A Galactic Cauldron, NGC 3079 Cocorico !


On August 16th, 2001, the NASA (STScI) publishes on Internet the photography of NGC 3079 and a zoom on its core, obtained by the HST, accompanied with the following note:

These NASA Hubble Space Telescope snapshots reveal dramatic activities within the core of the galaxy NGC 3079, where a lumpy bubble of hot gas is rising from a cauldron of glowing matter. The picture (at left) shows the bubble in the center of the galaxy's disk. The structure is more than 3,000 light-years wide and rises 3,500 light-years above the galaxy's disk. The smaller photo (at right) is a close-up view of the bubble. Astronomers suspect that the bubble is being blown by "winds" (high-speed streams of particles) released during a burst of star formation. Gaseous filaments at the top of the bubble are whirling around in a vortex and are being expelled into space. Eventually, this gas will rain down upon the galaxy's disk where it may collide with gas clouds, compress them, and form a new generation of stars. The two white dots just above the bubble are probably stars in the galaxy.

Comments:

These photos, remarkable and exceptional by their quality, deserve an attentive examination. The questions which assail me are::

  1. What are and wherefrom these gas strands arise which are thrown above the central bulb of the galaxy ?

  2. Do they come directly and vertically from a possible central black hole, or do they take another path?

If they spring vertically from a black hole, then one of the hypotheses that I formulated previously about the black hole of M87 would, in fact, be contradicted, that is the ejection of mass takes place only in the plane of rotation of the black hole.


To try to eliminate the doubt, I make some digital processing, and I obtain the two images shown:

  • At first sight, nothing is amiss. But if we zoom on the image, as shown, we can observe on one hand, the very particular morphology of the central bulb, and on the other hand, the existence of two symmetric arms of mass ejected from the bulb and in the plane of the galaxy.

  • Note that the structure of the core, revealed here, presents big resemblances with the morphology of the MilkyeWay, whose a peeviously DP image we can see opposite. The resemblance is much more than a simple analogy.

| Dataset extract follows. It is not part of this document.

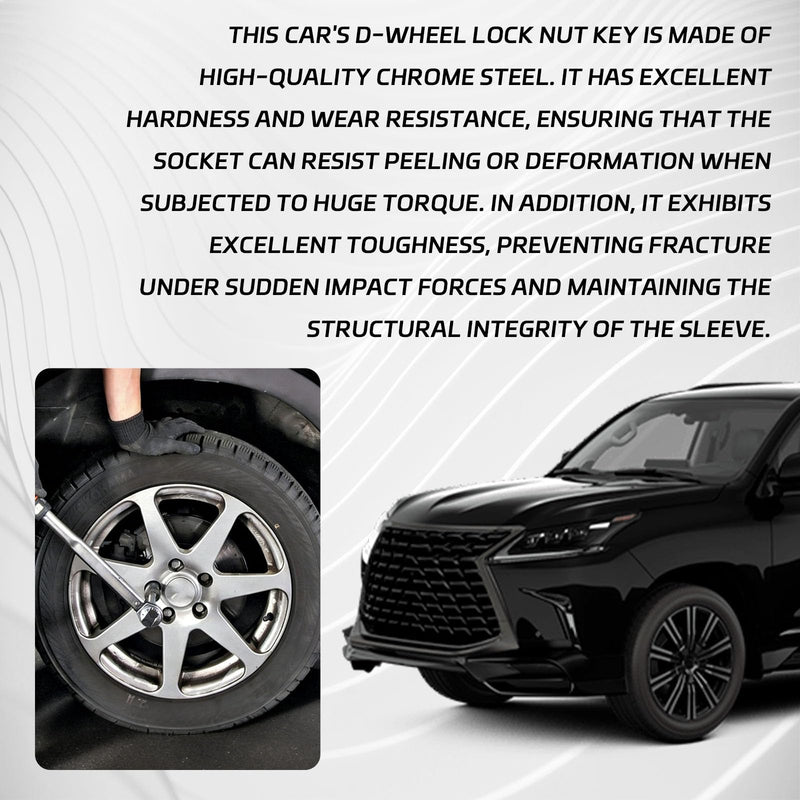 Wheel Lock Key, Locking Lug Nut Removal Tool for Honda Lexus Toyota Tacoma Senna, Lug Nut Key Wheel Weight Removal Tool, Professional Locking Lugs Nut Socket Adapter for Installation and Removal 1 Piece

It is obviously a part of a very general phenomenon.

  • But this image still does not allow to determine for sure on the route of the strands of gases ejected from the bulb. So I make an additional processing of the original picture.


Voie Lactée


Now things begin to appear more clearly.

  • The strands of gas are ejected from the bulb, but in the plane of the galaxy. Their trajectories then move perpendicularly to this plane, only much farther out.

  • It is impossible to be definitive on the exact morphology of the central bulb, the original image, which is saturated in this area, does not allow a through analysis. Also the resolution remains insufficient.

Hypothesis
  1. The strands of gas (plasmas) are guided by the magnetic field in the galaxy core.

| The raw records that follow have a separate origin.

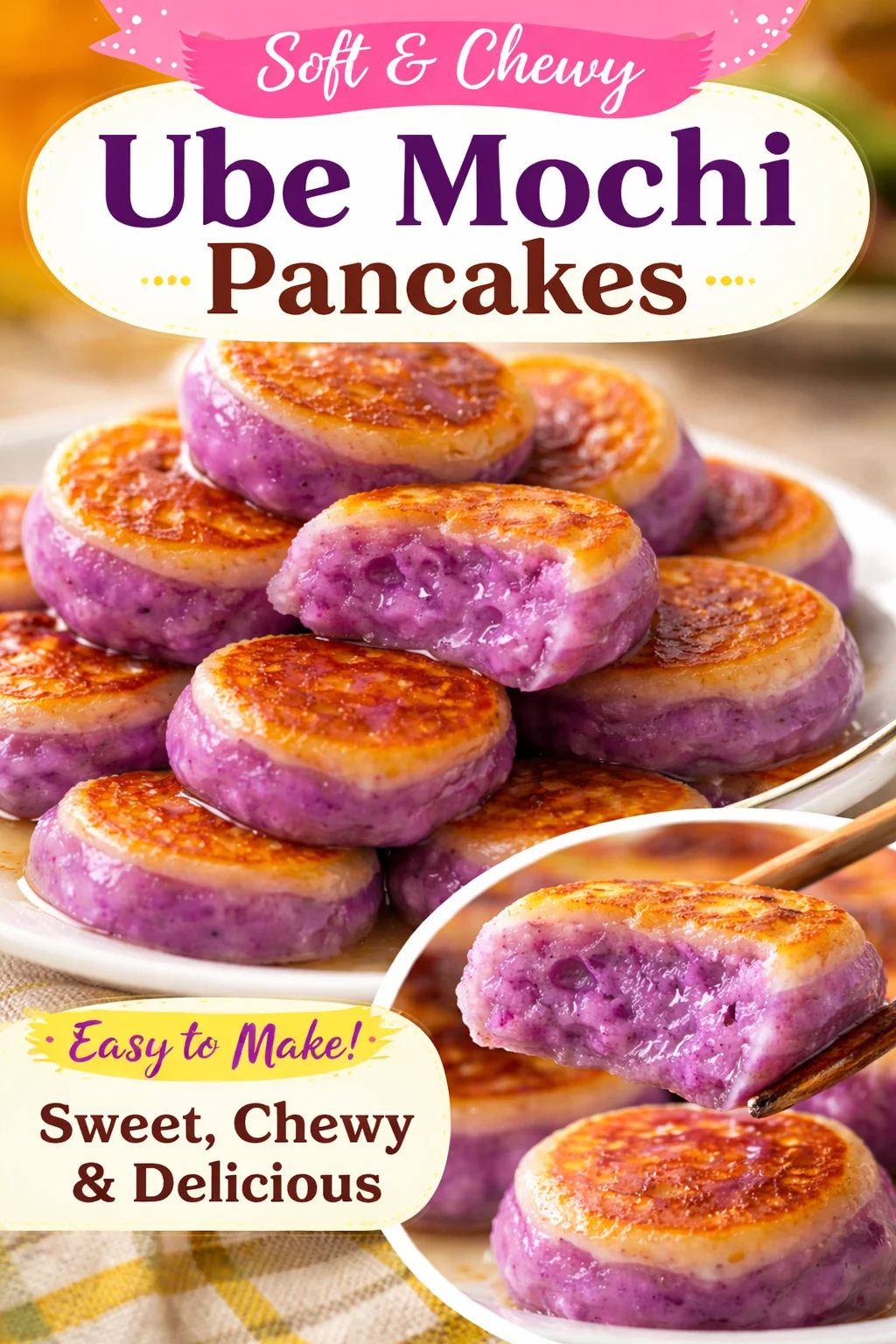 ube mochi pancake bites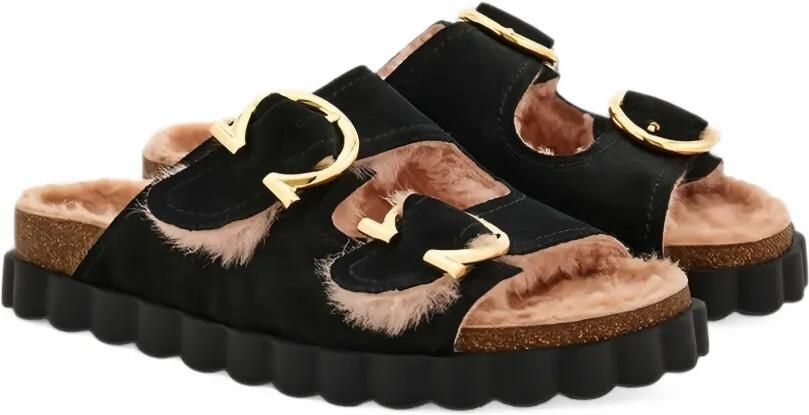 Ferragamo Gancini buckle shearling flat sandals Zwart - Foto 5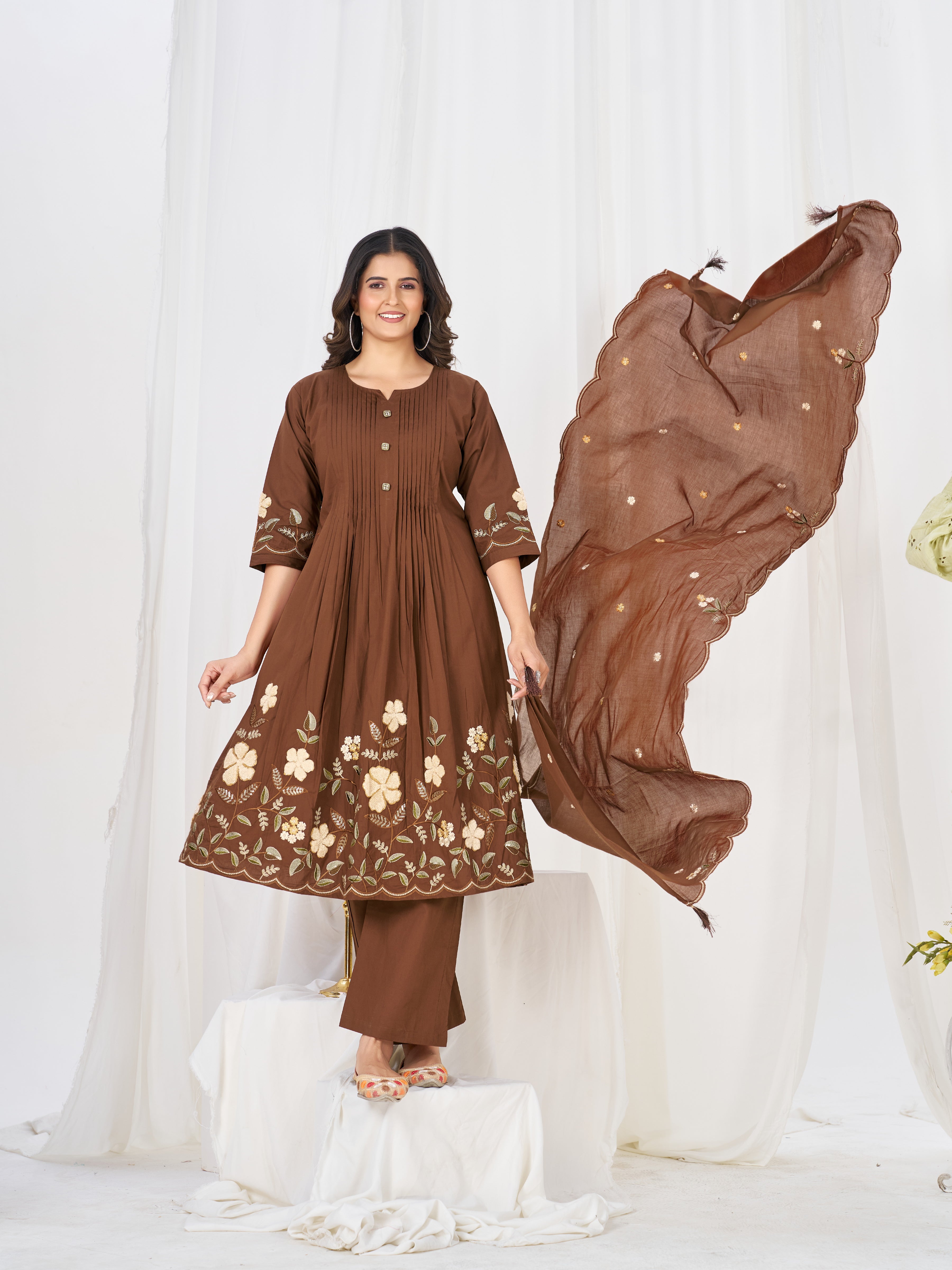Brown Pure Cotton Embroidered Anarkali Kurti Set with Dupatta & Culottes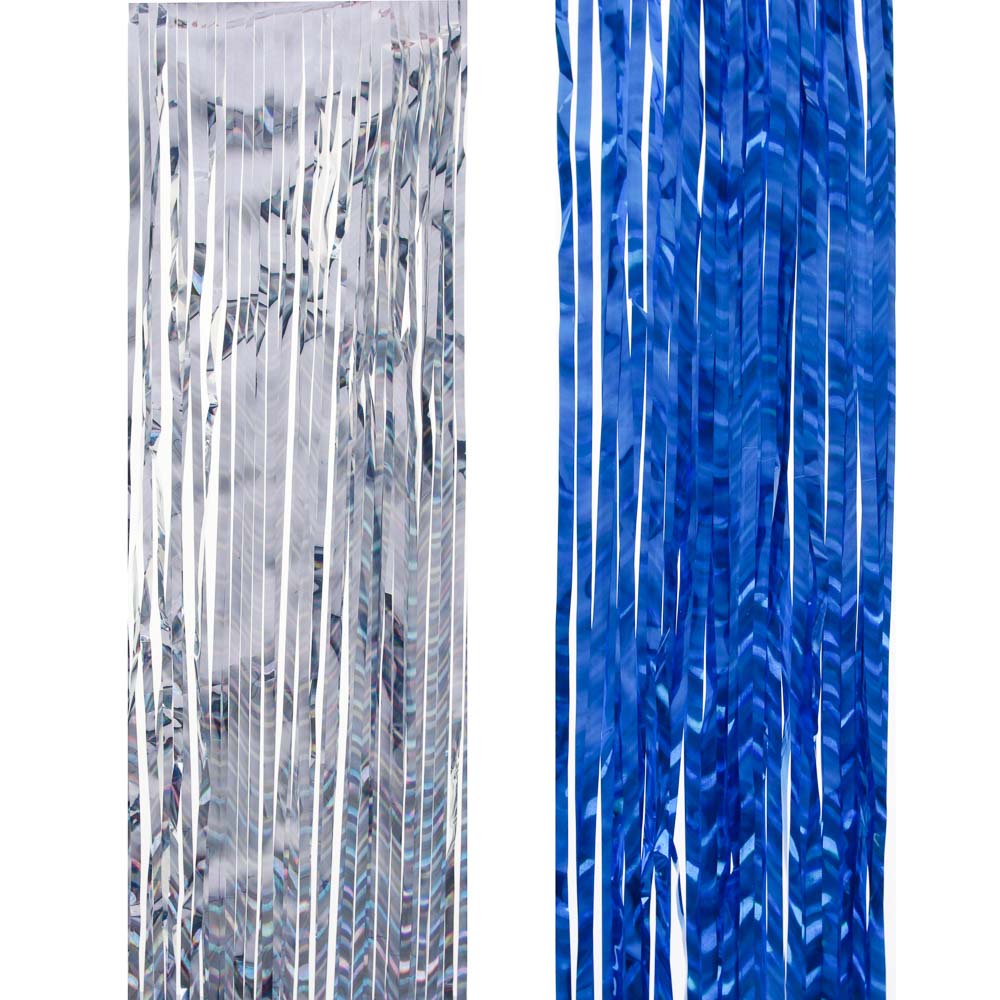 Дождик СНОУ БУМ с волнистым переливом, 15х100см, ПВХ, 2 цвета (синий, серебро)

We cannot reject a priori this hypothesis. However it does not seem essential. If it were the case, and if the dominant magnetic field is the one who arises from the core, then the strands would have quite another shape; they would be confined by this field and the global shape would not be that of a tulip, but that of a sheaf.

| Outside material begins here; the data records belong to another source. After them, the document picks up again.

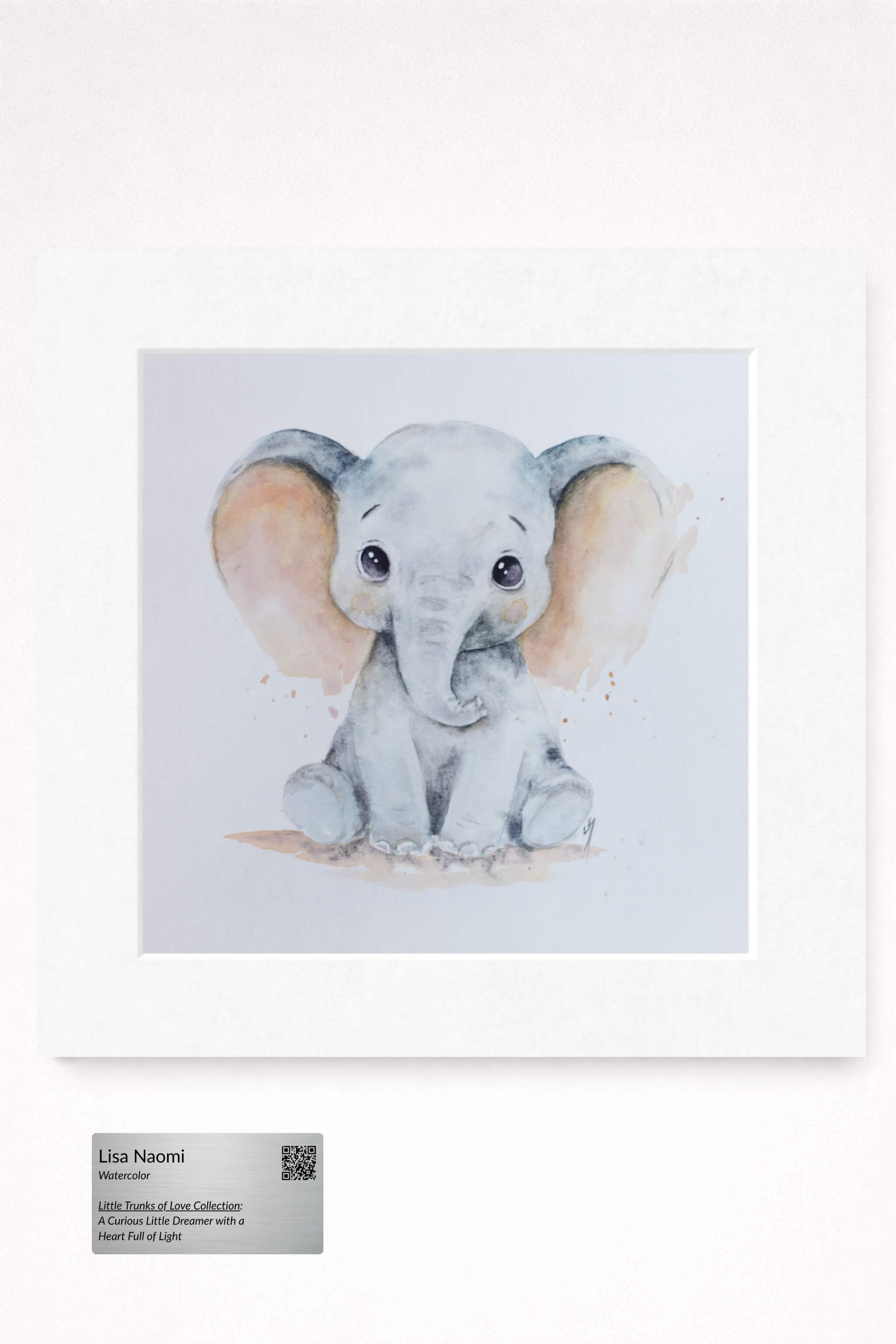 watercolor elephant in pink color tone by lisa naomi
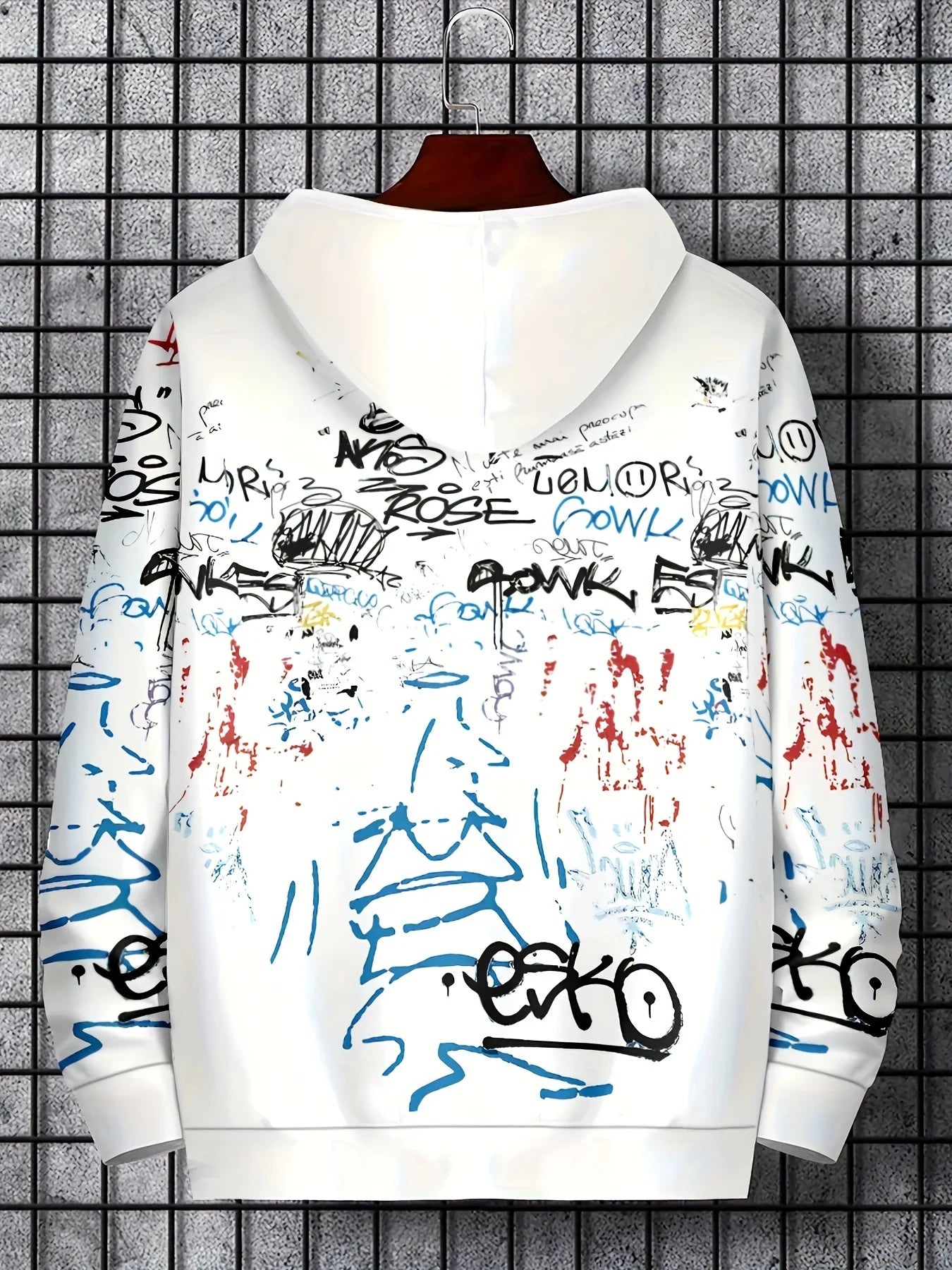 Men's Graffiti Print Hooded Sweatshirt - Urban Street Style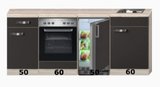 Kitchenette 220cm incl inbouw oven en onderbouw koelkast RAI-4682_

  1. The strands are subjected to the viscosity of the surroundings in which they are ejected.

This hypothesis, even if it seems a priori absurd, is the one which allows the best interpretation. Especially as all the processed images of galaxies tend to confirms this, whether it is ESO 269-57, NGC 1512, or ESO 510-13.

Conclusion


The density of the mass (gas) in the cores of galaxies is big enough to infer detectable effects of viscosity.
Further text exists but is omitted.